+++ DATA
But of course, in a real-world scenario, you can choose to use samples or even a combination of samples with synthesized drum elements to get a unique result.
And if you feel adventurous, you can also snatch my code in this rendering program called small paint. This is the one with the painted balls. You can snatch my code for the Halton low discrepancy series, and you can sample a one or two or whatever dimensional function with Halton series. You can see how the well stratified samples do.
++++++
+++ DATA
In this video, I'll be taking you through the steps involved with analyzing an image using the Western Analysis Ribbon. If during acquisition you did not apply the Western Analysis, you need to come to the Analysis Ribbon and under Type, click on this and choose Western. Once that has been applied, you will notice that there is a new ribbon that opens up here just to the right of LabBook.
++++++
WHAT NEEDS TO BE DONE - Will you return exactly the lines above from the one with "But of course, in" down to the one with "And if you feel", counting both as part of the range?

ANSWER BOX -
But of course, in a real-world scenario, you can choose to use samples or even a combination of samples with synthesized drum elements to get a unique result.
And if you feel adventurous, you can also snatch my code in this rendering program called small paint. This is the one with the painted balls. You can snatch my code for the Halton low discrepancy series, and you can sample a one or two or whatever dimensional function with Halton series. You can see how the well stratified samples do.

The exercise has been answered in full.